February, 2008


14
Feb 08

Your house, now searchable

A few days ago, Google expanded its street view program, adding a bunch of new metro areas. I was both pleased and a little freaked out to find both my hometown and current residence included in the maps. This has given me some new perspective, which I’ll share today.

First and foremost, the streetview maps are really interesting. The technology and integration is very cool, and the maps are useful. I’ve used them to pre-navigate around cities, and its fun to get a street level view of cool parts of Manhattan or SF. Please don’t accuse me of not appreciating the maps.

As the mapping program scales out nationwide (as it inevitably will), I wonder how people will negotiate the loss of personal privacy implicit in being streetmapped. Its certainly one thing to have your address online, and its another to have multiple, zoomable views of your house pop up with you Google yourself.

Of course, the streetview data is public. There’s no law preventing anyone from taking a picture from a public street and putting it on a map. But as we’ve seen again and again, privacy is both quantitative and qualitative; Google isn’t breaking any laws by posting this data online, but one can certainly argue they are pushing the boundaries of our senses of privacy.

Employing Altman’s theorization of privacy as sets of boundaries, or danah’s notions of publics, we see there is a privacy negotiation in “living public.” I live on a public street; I expect people to drive down my street and see my house; some of these people will know it is my house, some won’t.
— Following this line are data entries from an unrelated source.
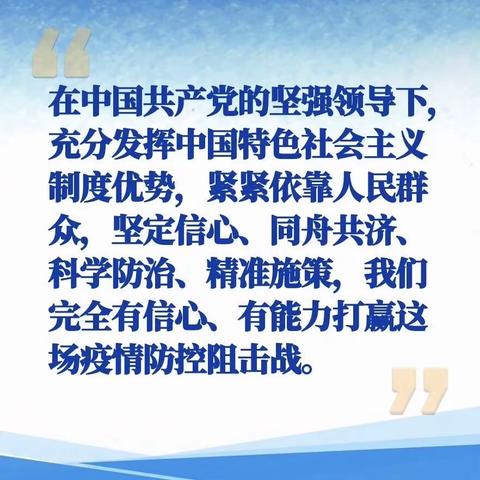 关上支行党总支部--战“疫”当前我请战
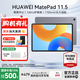 華為平板電腦MatePad 11.5英寸 120Hz高刷護眼屏影音娛樂(lè )教育中心網(wǎng)課學(xué)生學(xué)習平板電腦 標準版丨8+256GB WiFi 深空灰 官方標配+【下單好禮】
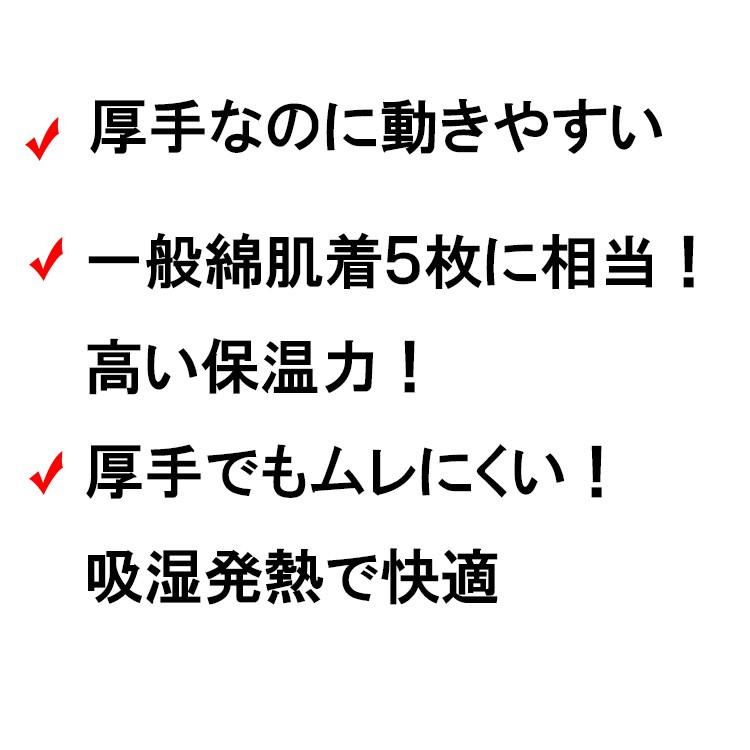 グンゼ ホットマジック メンズ 凄く暖か もっとあったか タイツ 前開き 厚手 厚地 ロングタイツ MH0701A 秋冬 裏起毛｜vantann｜05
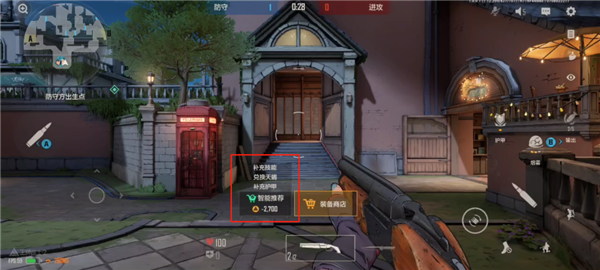 騰訊《王牌戰(zhàn)士》續(xù)作 把所有玩家打了個猝不及防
This process of disclosure informs my privacy expectations, and if I’m not OK with it I move out to the country and live on a mile-long private road.

Implicit in the disclosure process is also a “finding” process. Up until last week, if you wanted to find someone, you had to locate their address in a white page and then drive down their street. Certainly a high bar for the non-stalker types. Now, the finding process has been shortened by one step: all you need is an address.

This change in the finding process forces us to remap our privacy expectations. One’s domicile is no more than a click away; entire cities at a time are forced to live publicly because of Google’s decision. As this program fans out to lower-density areas, I wonder if there will be any significant pushback.

Having one’s house streetmapped also affects one’s relationship with Google. When you search your name in Google and find less-than-desirable results, its likely you’ve shrugged it off because that is a small tradeoff for the aid Google affords you. Google has significant agency in your online identity, but its not a big deal because most of us don’t care about our online identity all that much yet.

With streetview, Google has gained significant agency in your offline identity. Your house is now searchable by anyone; others may peer into your windows, zoom in and out, and explore your house from multiple perspectives. Is this simply another tradeoff we’ll make so we can gawk at the houses of others? And to put it more bluntly, has Google gone mad with power?

In one fell swoop, Google has taken millions of people and made them searchable. Sure, most people won’t notice, and many don’t have the technical skills to try and fight this invasion of privacy. I wonder how it will affect these people’s perceptions of Google. Is Google still the friendly search engine now that it has your house on file? Does it matter? Google’s in the ad business, not the perception business.

Even Facebook, for all its creepiness, doesn’t encroach on this real-life boundary. This is a new form of disclosure, and I hope if it will start a discussion on how much information about a person a corporation can disclose. There are so many other databases out there Google could buy and make public (credit reports, arrest records, magazine records, etc.), if this deeply visceral disclosure doesn’t give us pause, what will?


8
Feb 08

The subjective computer has found us

For the past few days, I’ve been thinking about the information products and byproducts of social computing. Products may be thought of as things we create with intent; our Facebook profile, our home page. Byproducts, respectively, are the things we create with limited intent; our attention data, the traces we leave in server logs, the software products that appropriate our agency.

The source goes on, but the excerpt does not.